TASK REQUIREMENTS: Reproduce the whole of the records exactly, and make sure no picture is carried into the result.

Pictures with short captions:
---+---
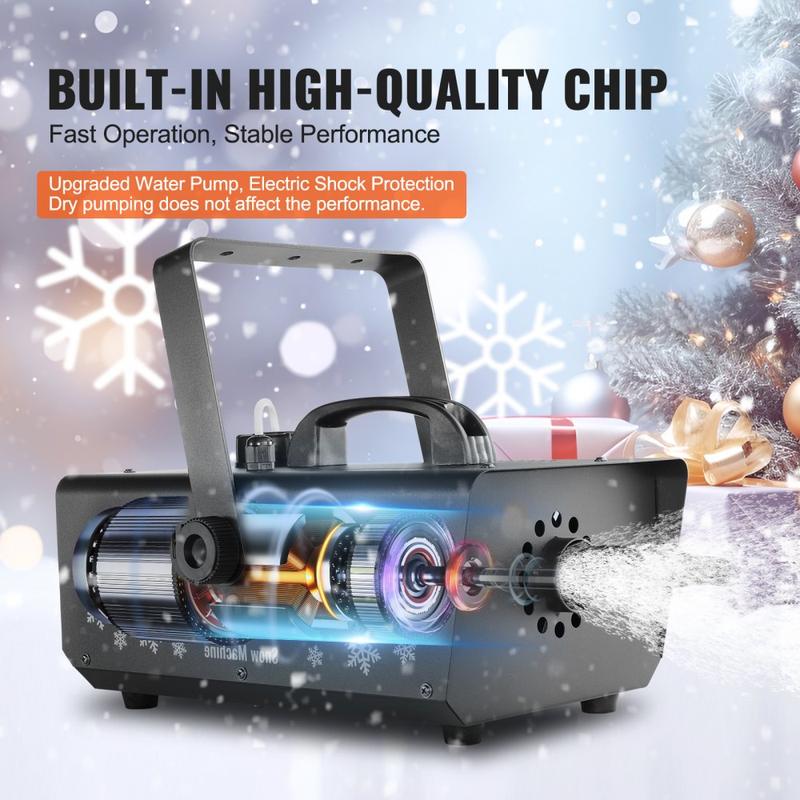 Snow Machine 650W Handheld Hanging Snow Making Machine for Holidays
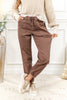 Cocoa Beach Brown Jogger Mica Denim Jeans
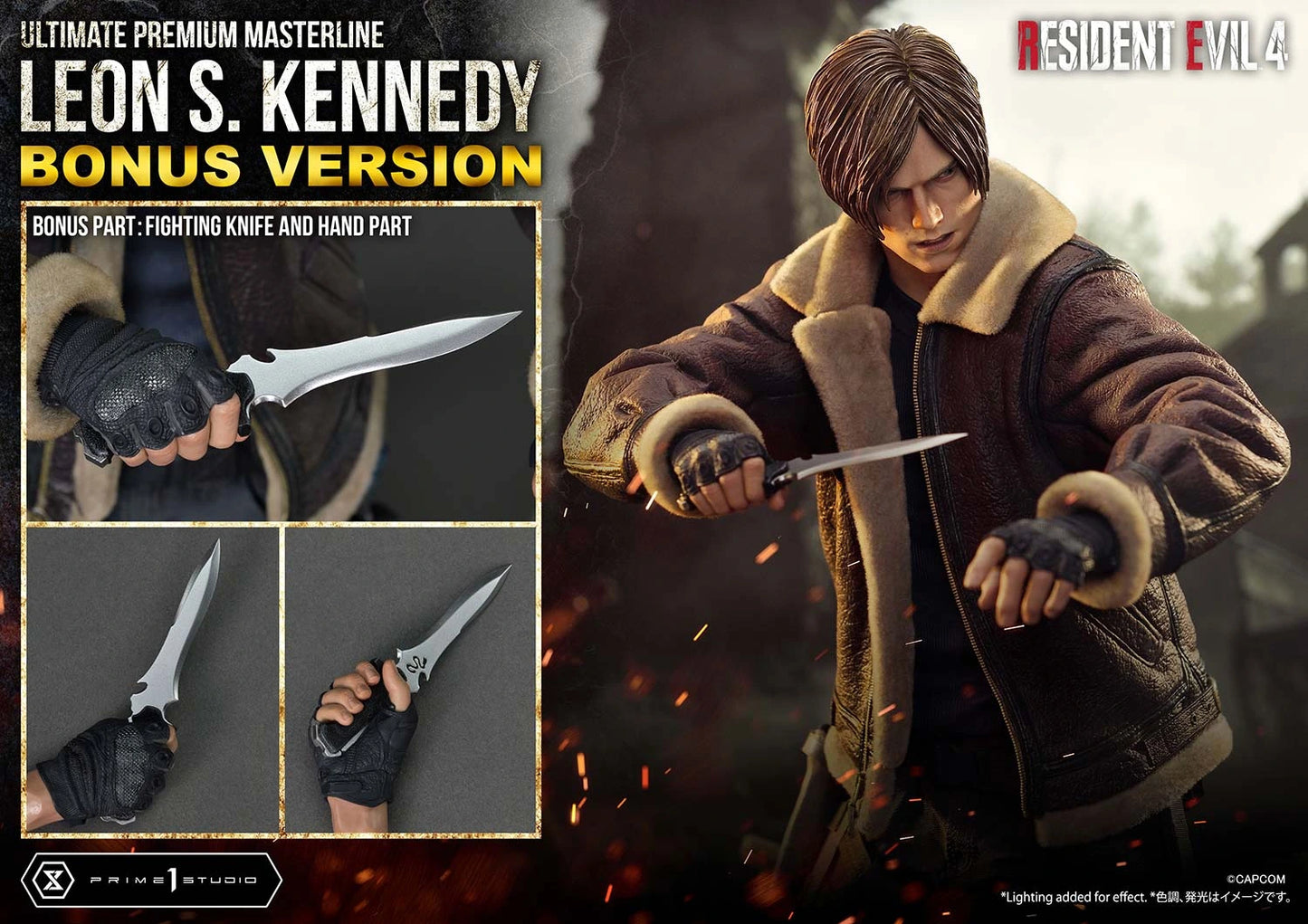 Preventa Resina Leon S. kennedy Figura Resident Evil 4 Prime 1 (Licencia) Estudio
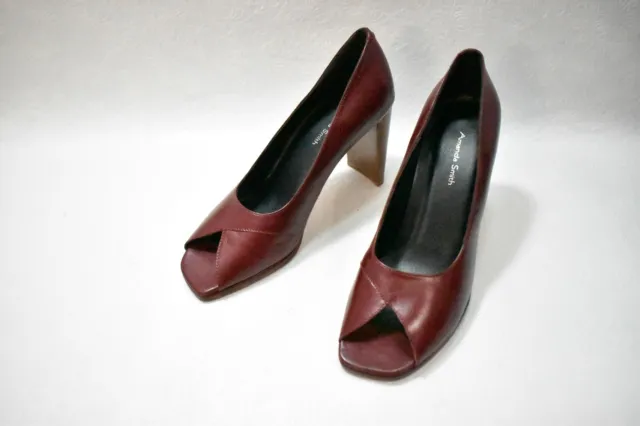 Amanda Smith Shoes Heels Red Size 7 Women's New Leather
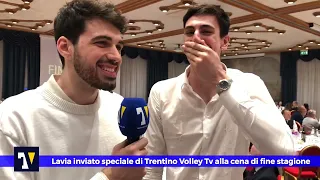 🎙️ INVIATO SPECIALE | Lavia reporter per Trentino Volley Tv alla cena di fine stagione 2022/23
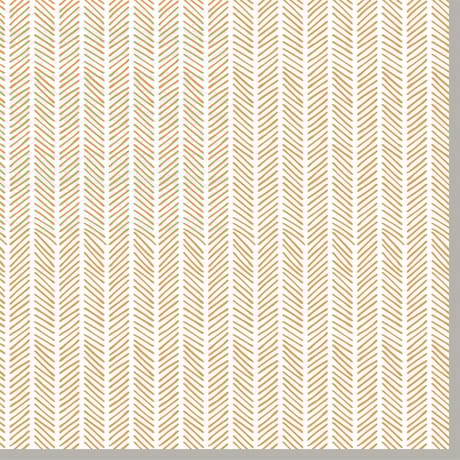 20 serviettes 33x33cm azur orange bords taupe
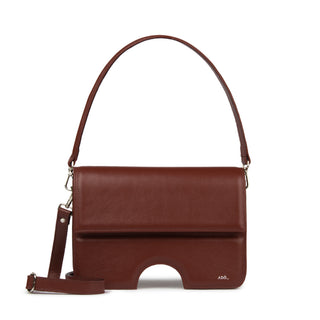 Bolsa Opening Couro Adô Cor Marrom Cacau
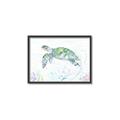 Picture of Sea Turtle II  _GroupedProduct_Rectangle_Landscape_Canvas_Framed_
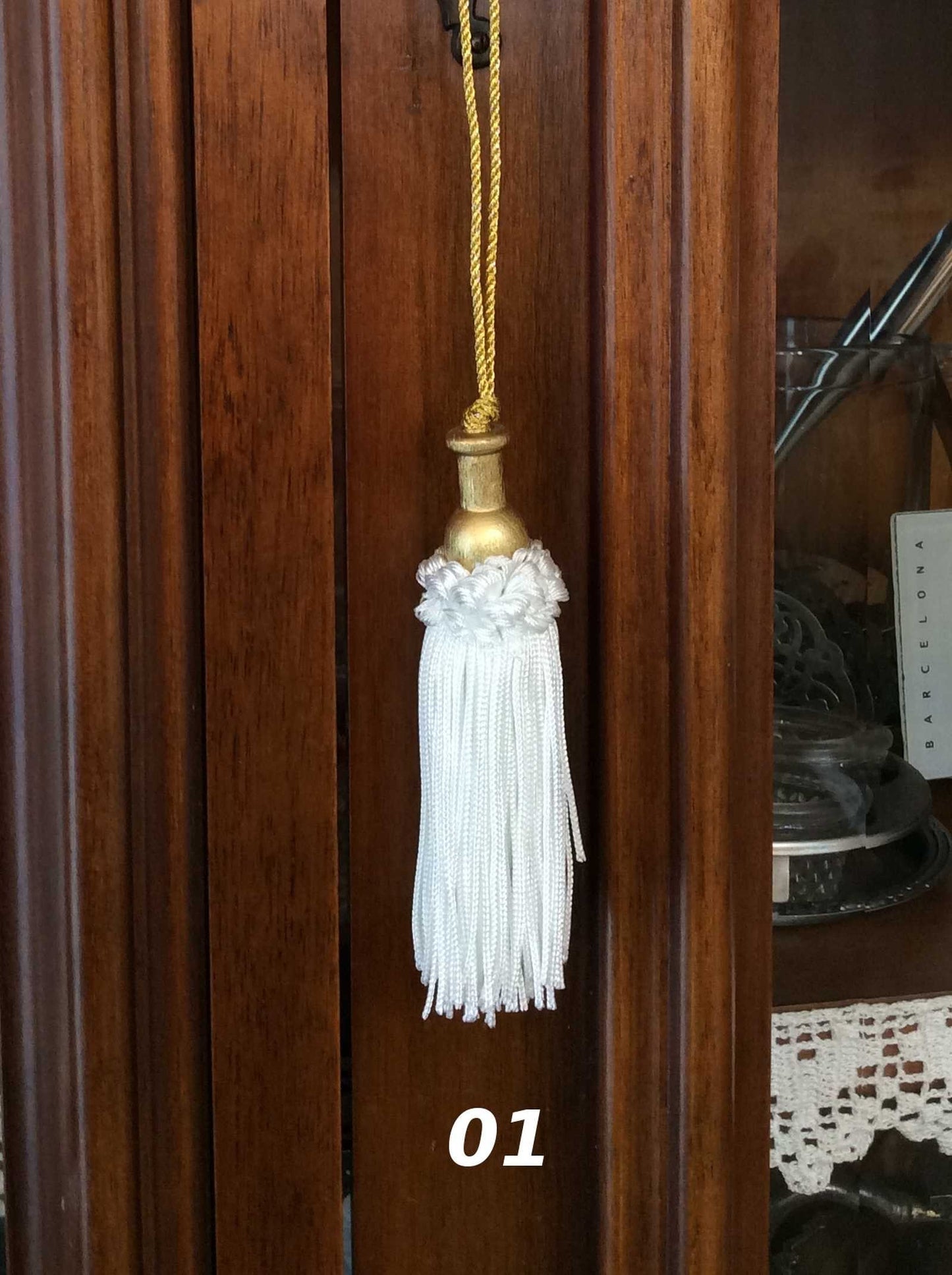 Tassel Bow Key 11cm - Made in Florence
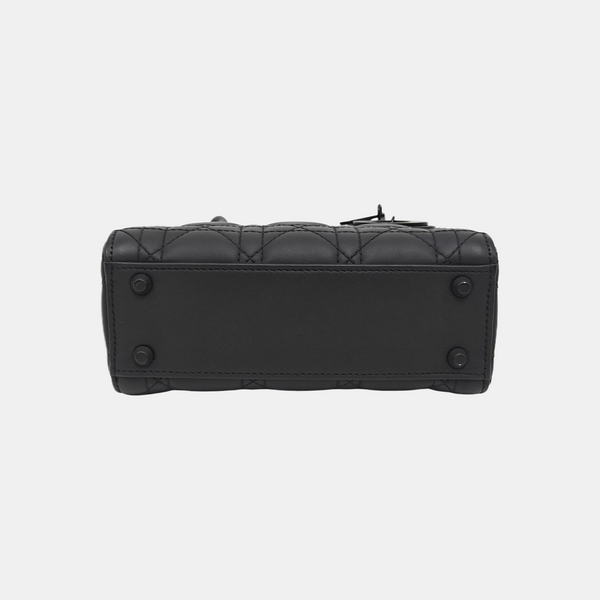 Lady Dior Mini Cannage Lambskin Black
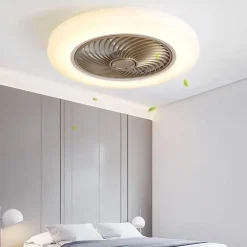 Intelligente Deckenleuchte – Leiser Luftventilator mit unsichtbaren Flügeln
---+---
PROBLEM SOLUTION:
 Snow Machine 650W Handheld Hanging Snow Making Machine for Holidays
 Cocoa Beach Brown Jogger Mica Denim Jeans
 Preventa Resina Leon S. kennedy Figura Resident Evil 4 Prime 1 (Licencia) Estudio
 Amanda Smith Shoes Heels Red Size 7 Women's New Leather
 🎙️ INVIATO SPECIALE | Lavia reporter per Trentino Volley Tv alla cena di fine stagione 2022/23
 20 serviettes 33x33cm azur orange bords taupe
 Bolsa Opening Couro Adô Cor Marrom Cacau
 Picture of Sea Turtle II  _GroupedProduct_Rectangle_Landscape_Canvas_Framed_
 Tassel Bow Key 11cm - Made in Florence
 Lady Dior Mini Cannage Lambskin Black
 Intelligente Deckenleuchte – Leiser Luftventilator mit unsichtbaren Flügeln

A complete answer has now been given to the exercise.